- [Directions] Output only the lines below from the one containing "Ford Mustang 2025 EcoBoost 2dr Convertible" to the one containing "2019 Lexus GX 460 Base", exactly as written, both ends kept.

Scraped caption text data:
┄┄┄┄┄┄┄┄┄┄
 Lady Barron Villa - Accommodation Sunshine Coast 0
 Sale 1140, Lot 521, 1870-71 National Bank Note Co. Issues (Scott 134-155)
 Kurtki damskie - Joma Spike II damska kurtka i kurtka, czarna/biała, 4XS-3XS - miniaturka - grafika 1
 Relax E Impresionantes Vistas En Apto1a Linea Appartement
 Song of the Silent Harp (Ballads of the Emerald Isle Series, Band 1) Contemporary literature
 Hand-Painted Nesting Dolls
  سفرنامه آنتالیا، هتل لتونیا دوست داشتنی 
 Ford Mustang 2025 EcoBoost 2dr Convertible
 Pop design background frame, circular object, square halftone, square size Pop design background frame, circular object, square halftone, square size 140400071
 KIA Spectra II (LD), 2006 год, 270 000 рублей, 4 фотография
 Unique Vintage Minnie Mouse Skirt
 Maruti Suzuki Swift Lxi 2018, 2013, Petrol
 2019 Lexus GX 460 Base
┄┄┄┄┄┄┄┄┄┄
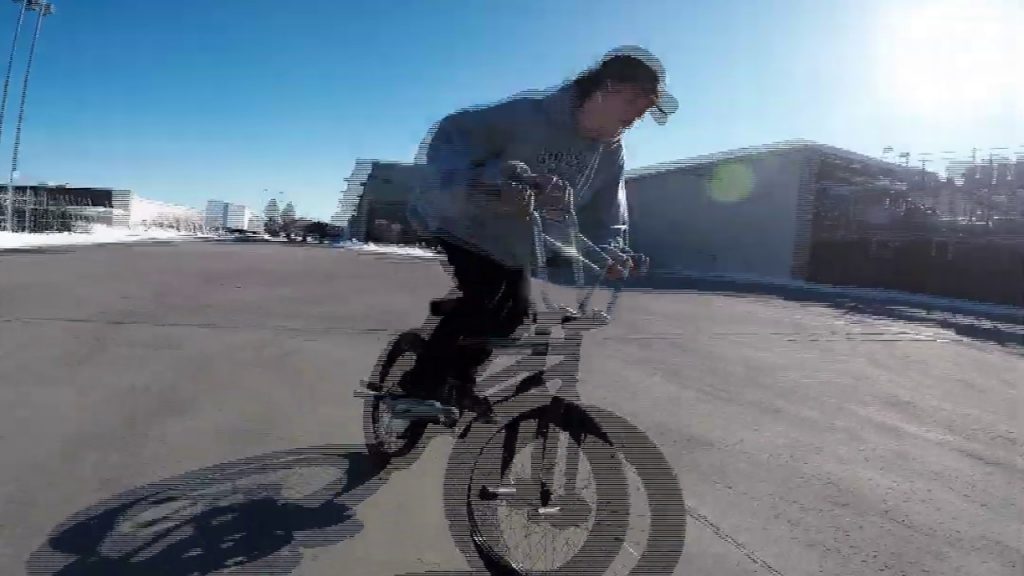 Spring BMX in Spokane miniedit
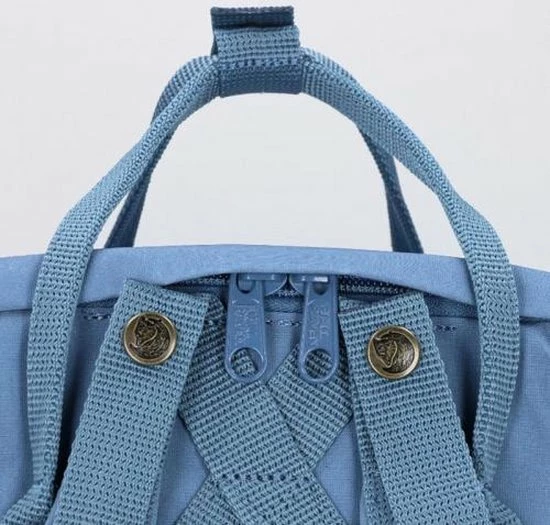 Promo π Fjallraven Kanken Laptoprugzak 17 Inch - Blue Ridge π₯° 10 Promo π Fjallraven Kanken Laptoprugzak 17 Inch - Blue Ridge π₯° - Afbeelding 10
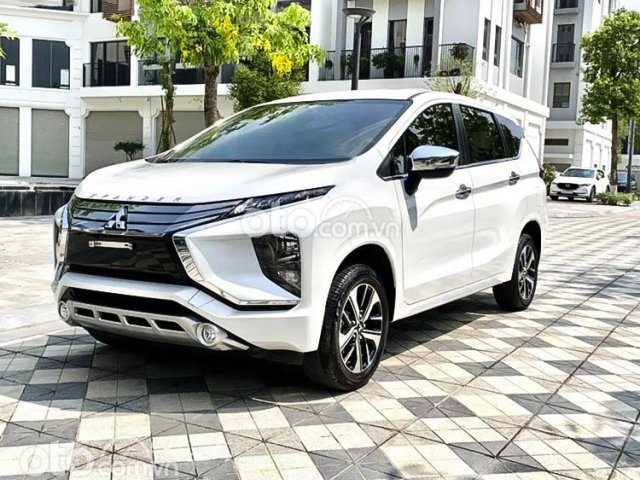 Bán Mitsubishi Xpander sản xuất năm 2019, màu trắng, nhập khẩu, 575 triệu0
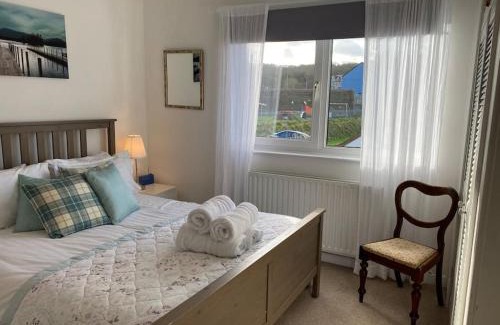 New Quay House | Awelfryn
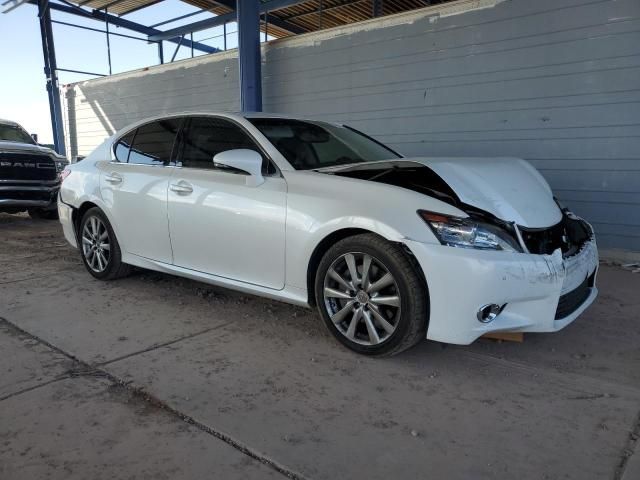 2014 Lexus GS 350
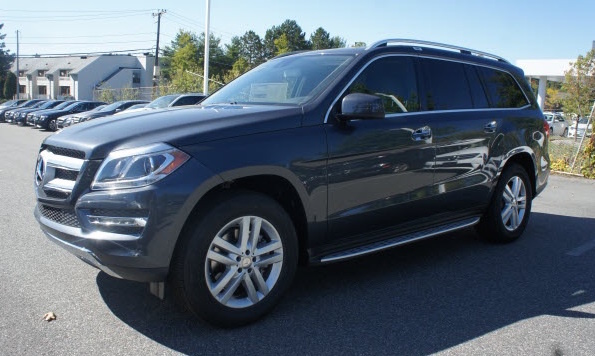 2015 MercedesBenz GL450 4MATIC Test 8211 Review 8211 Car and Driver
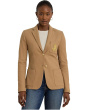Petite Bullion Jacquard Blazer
┄┄┄┄┄┄┄┄┄┄
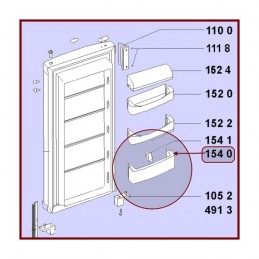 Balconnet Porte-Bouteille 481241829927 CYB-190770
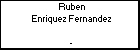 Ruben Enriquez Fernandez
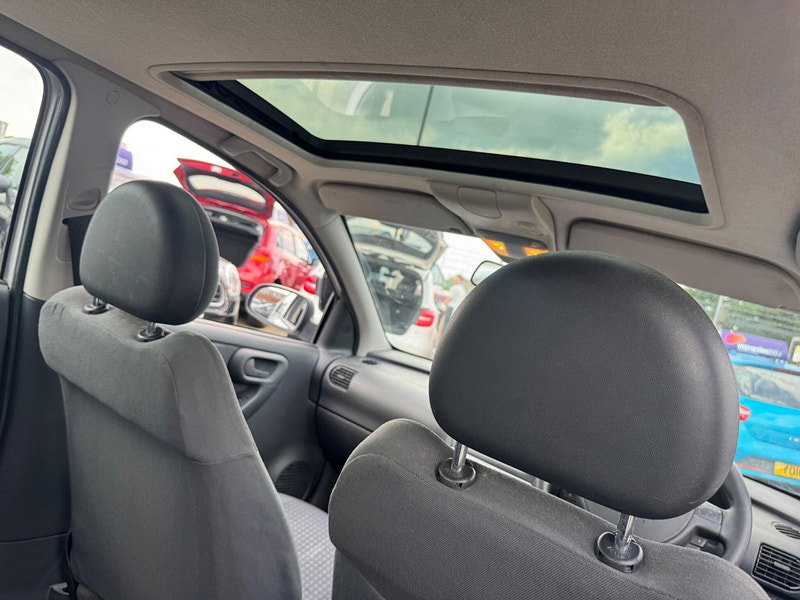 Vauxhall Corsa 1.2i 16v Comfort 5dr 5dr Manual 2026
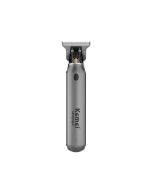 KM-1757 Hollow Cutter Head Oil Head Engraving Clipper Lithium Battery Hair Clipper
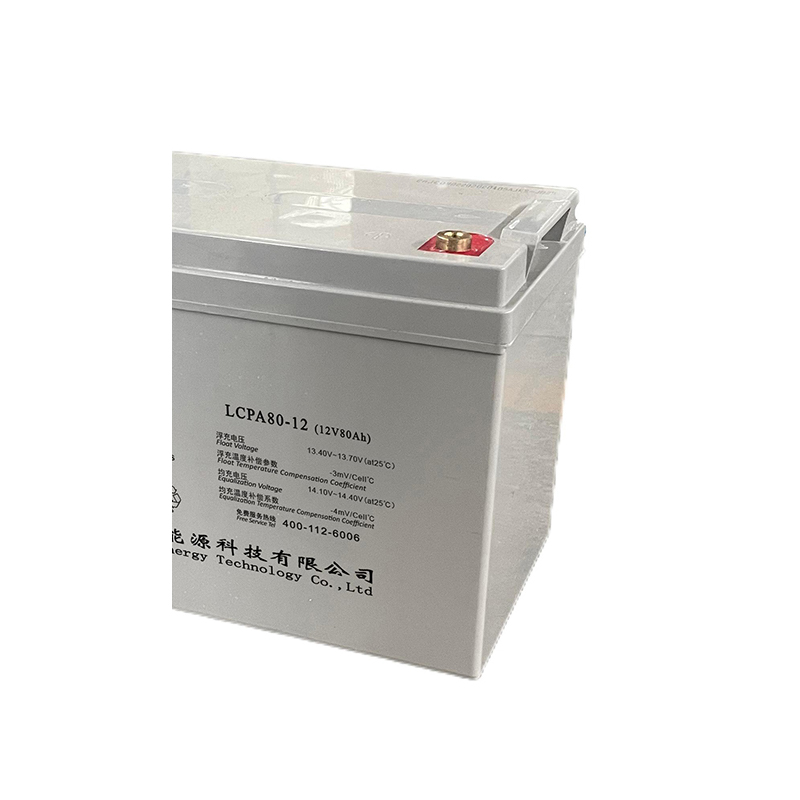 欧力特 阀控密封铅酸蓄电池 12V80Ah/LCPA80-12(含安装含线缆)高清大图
┄┄┄┄┄┄┄┄┄┄
- [Task result]
 Ford Mustang 2025 EcoBoost 2dr Convertible
 Pop design background frame, circular object, square halftone, square size Pop design background frame, circular object, square halftone, square size 140400071
 KIA Spectra II (LD), 2006 год, 270 000 рублей, 4 фотография
 Unique Vintage Minnie Mouse Skirt
 Maruti Suzuki Swift Lxi 2018, 2013, Petrol
 2019 Lexus GX 460 Base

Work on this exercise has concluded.